Notwithstanding the limitations of this clinical trial and that the findings need further confirmation, this study appears to support a psycho-physiological hypothesis that successful treatment of the psychological aspect is accompanied by improvement in IBS symptoms. Future research needs to continue the investigation of the brain–gut axis in IBS and the role of hypnotherapy which addresses both the psychological and physiological aspects of this disorder, as an effective and viable treatment option.

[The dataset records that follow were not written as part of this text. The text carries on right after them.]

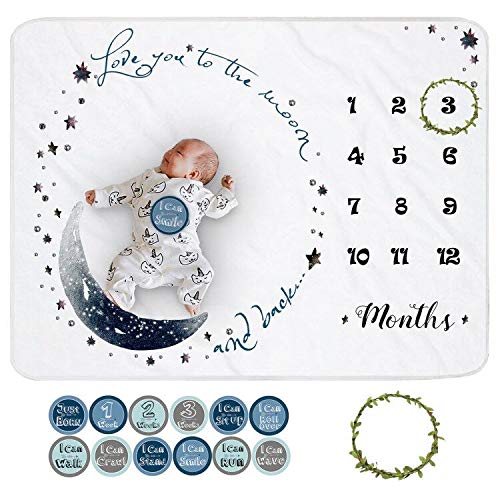 Yoothy Moon Baby Monthly Milestone Blanket Boy, Newborns Month Blanket Gift for Baby Shower, Soft Plush Photo Prop Blanket for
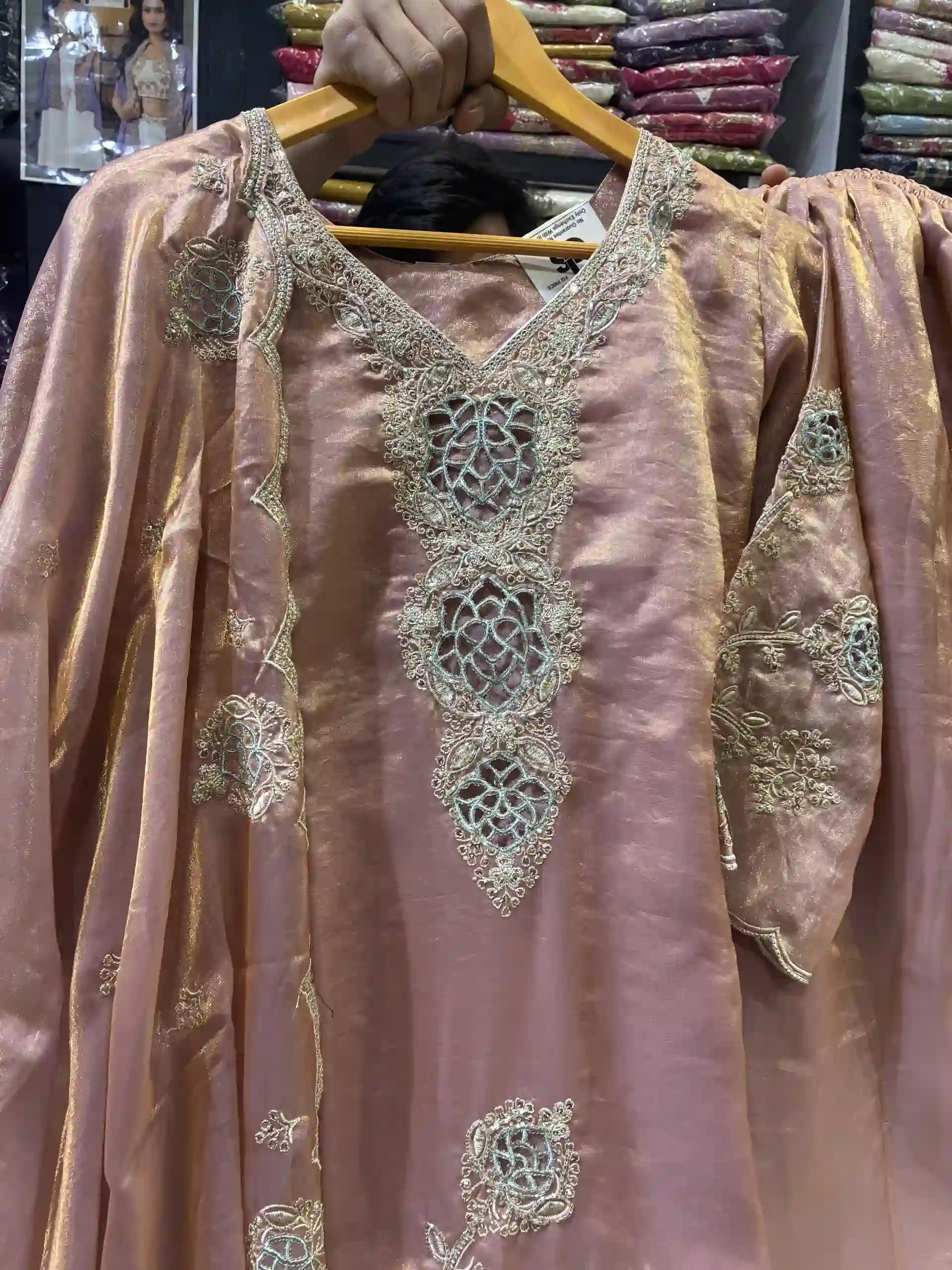 Dusk Rose Metallic Salwar Kameez - Hand-Embroidered Festive Collection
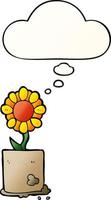 cartoon flower and thought bubble in smooth gradient style vector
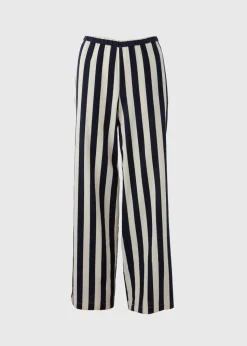Petite Navy Stripe Wide Leg Co-Ord Trousers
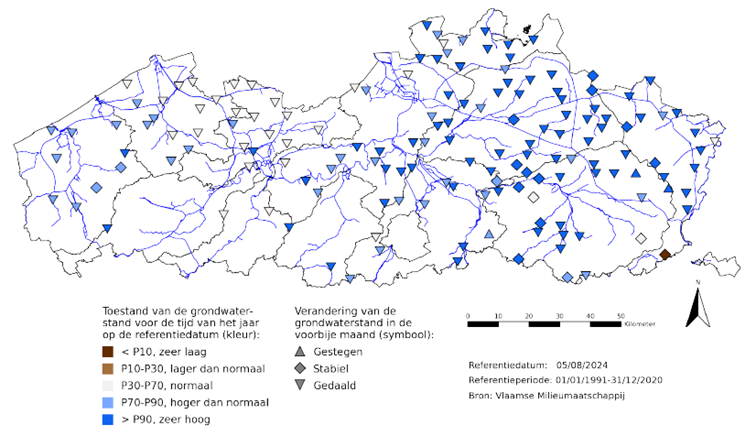 Huidige grondwaterstandsveranderingen en relatieve situering van de huidige freatische grondwaterstand begin augustus 2024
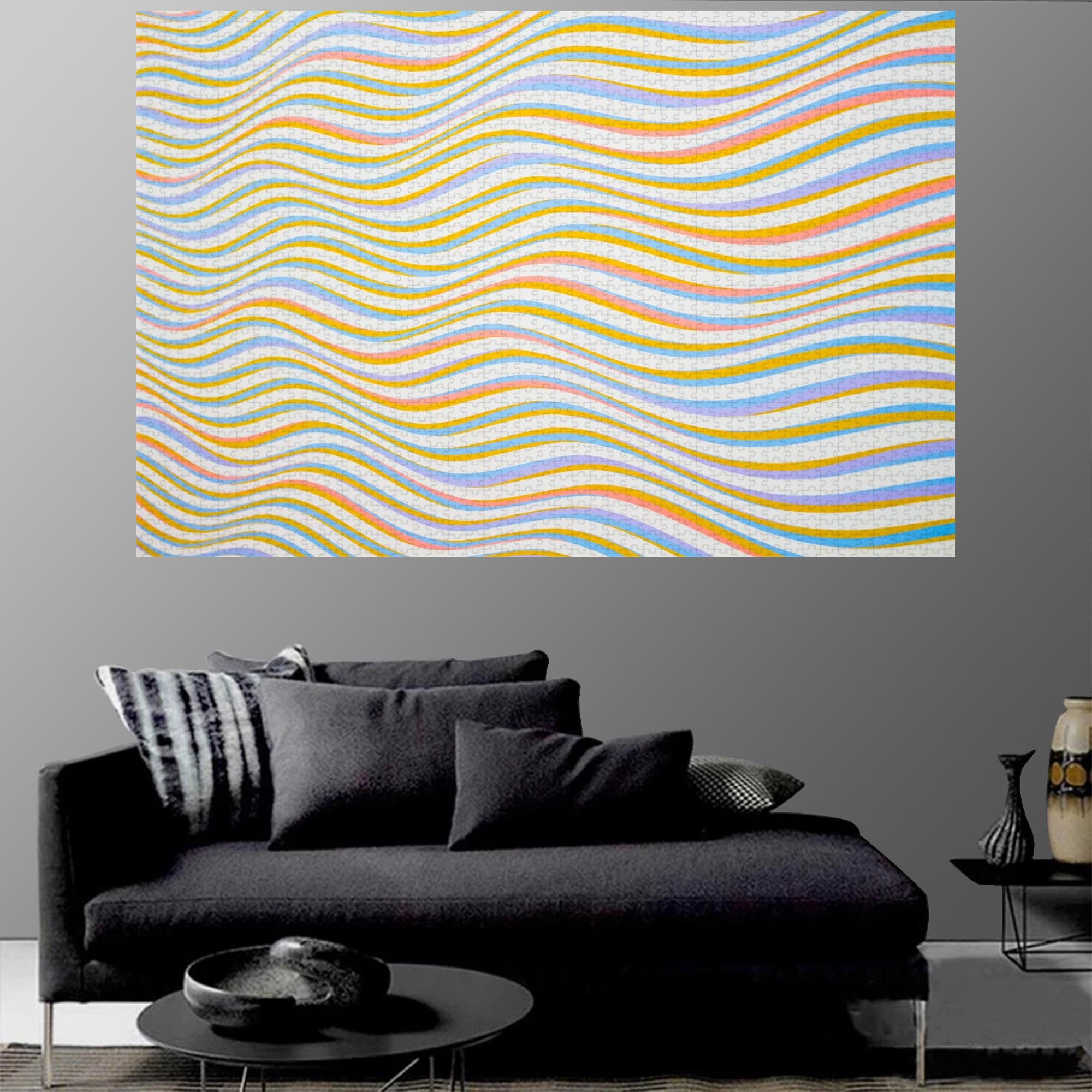 Lignes ondulées colorées - Puzzle en Bois de 2000 pièces - Pièces épaisses et Robustes, parfaites Pour s'amuser en famille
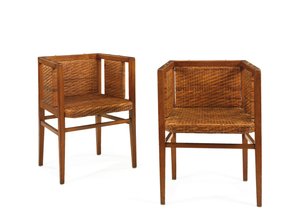 アームチェアのペア、1902年頃（オークと籐） 作： Wilhelm Schmidt
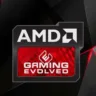 Logotipo da AMD Gaming Evolved com fundo preto e detalhes em vermelho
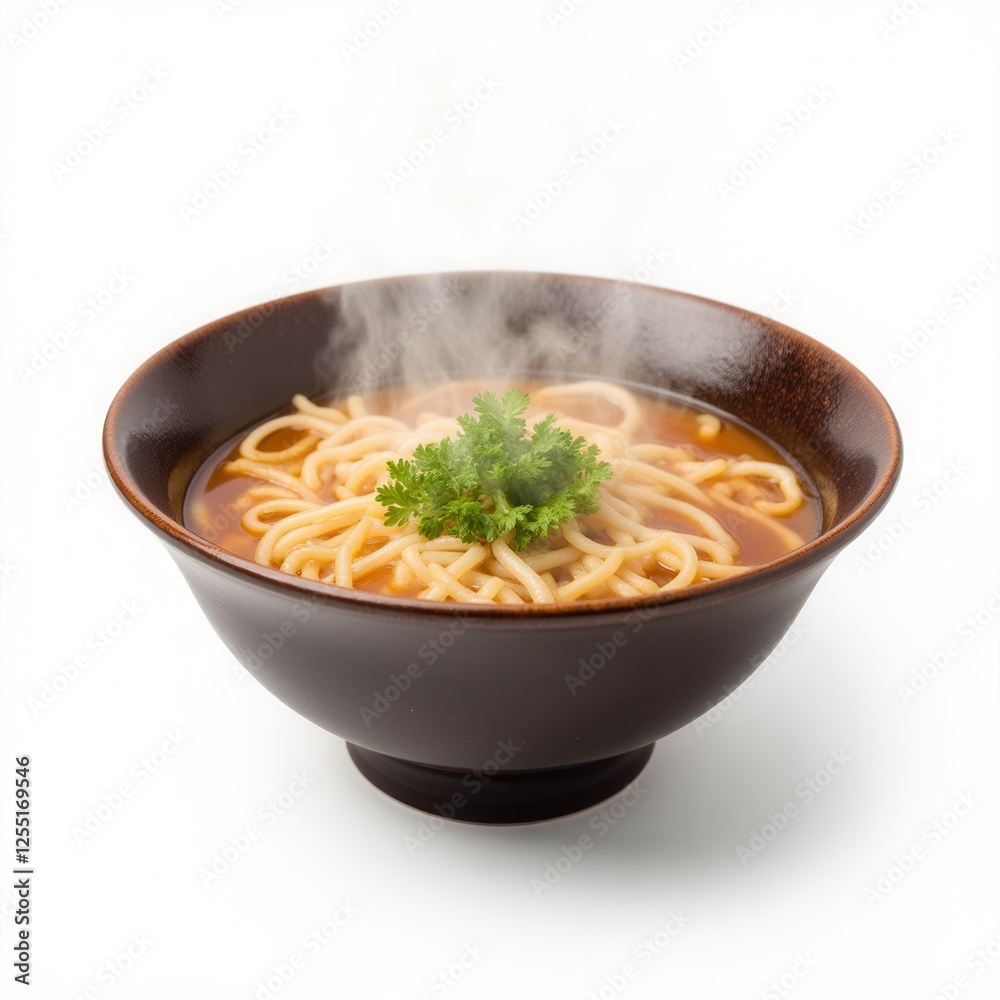 A steaming bowl of noodles garnished with fresh herbs, served in a dark bowl, showcasing a delicious and comforting dish. A steaming bowl of noodles garnished with fresh herbs, served in a dark bowl, showcasing a delicious and comforting dish.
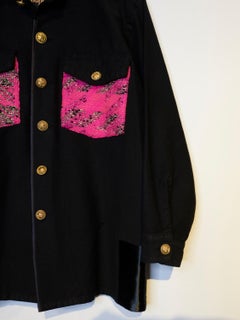 Embellished Military Jacket Black Neon Lurex Pink Tweed Gold Buttons J Dauphin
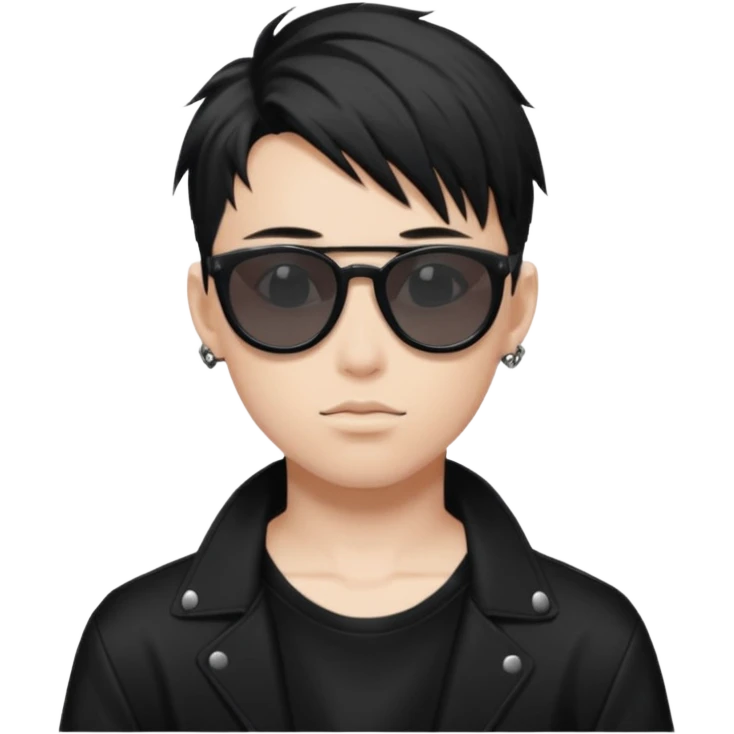 anime boy with tattoo in black balenciaga sunglasses emoji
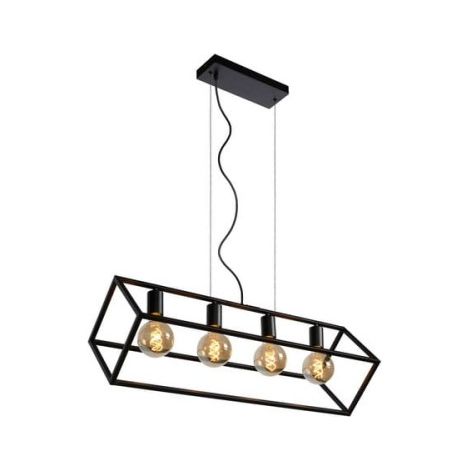 Lampada a sospensione nera Fabian 4xE27 80cm Lucide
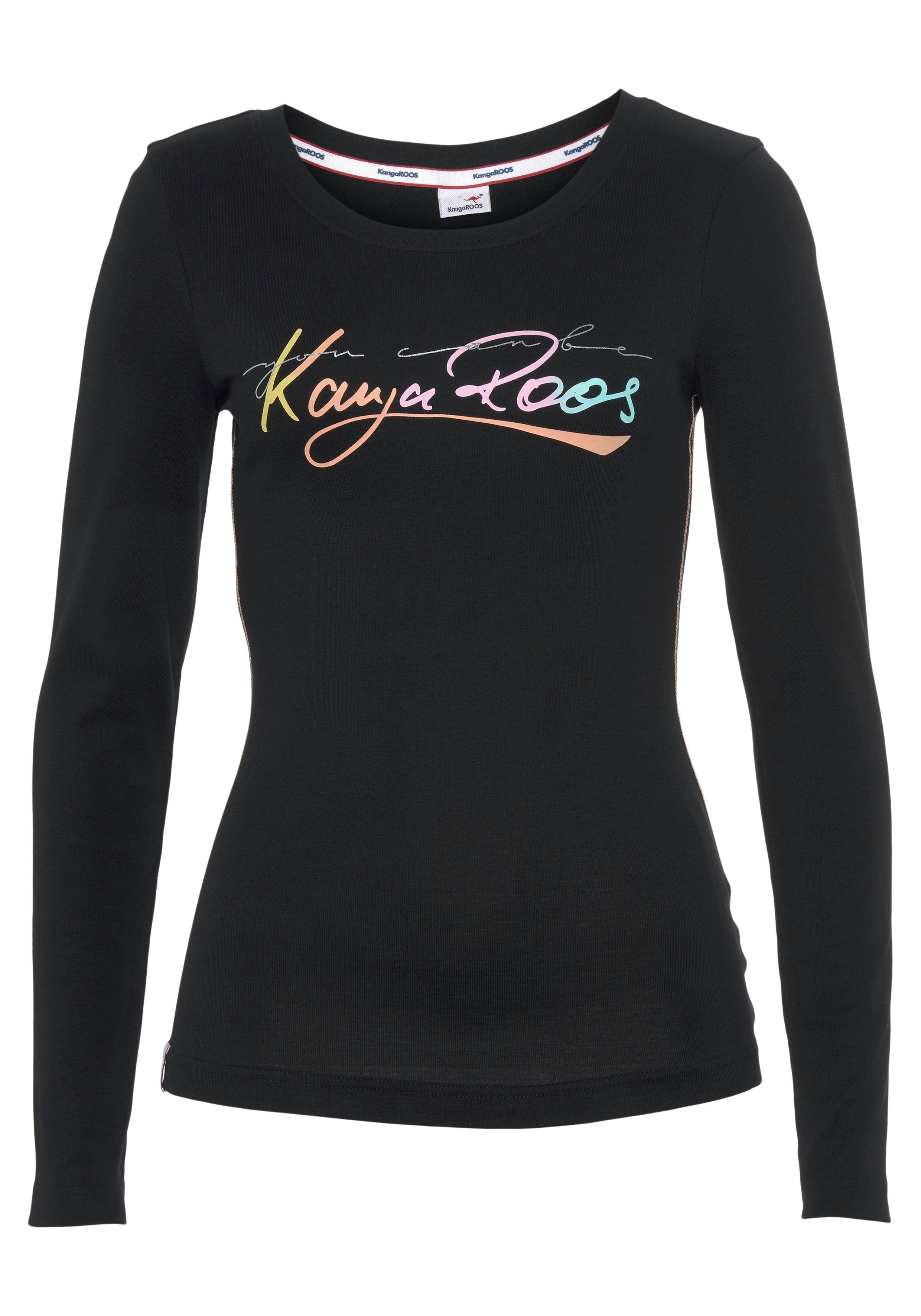 KangaROOS Langarmshirt mit trendig farbigen Logoschriftzug schwarz NEUE KOLLEKTION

In conclusion, in a randomised, controlled trial of hypnotherapy in IBS, symptoms (pain, bloating, constipation and diarrhoea) and physical functions improved from baseline in each arm. Hypnotherapy, however, was not shown to be superior to relaxation therapy for symptom reduction in this disorder. A possible explanation for this could be that the relaxation response is also associated with hypnosis and participants in the control group could have lapsed into a trance state. This also suggests that reducing anxiety through relaxation may be the key to reducing IBS symptoms in patients, whatever the mechanism may be.
Footnotes
Declaration of conflicting interest
The authors declare that there is no conflict of interest.
Funding
This research received no specific grant from any funding agency in the public, commercial or not for profit sectors.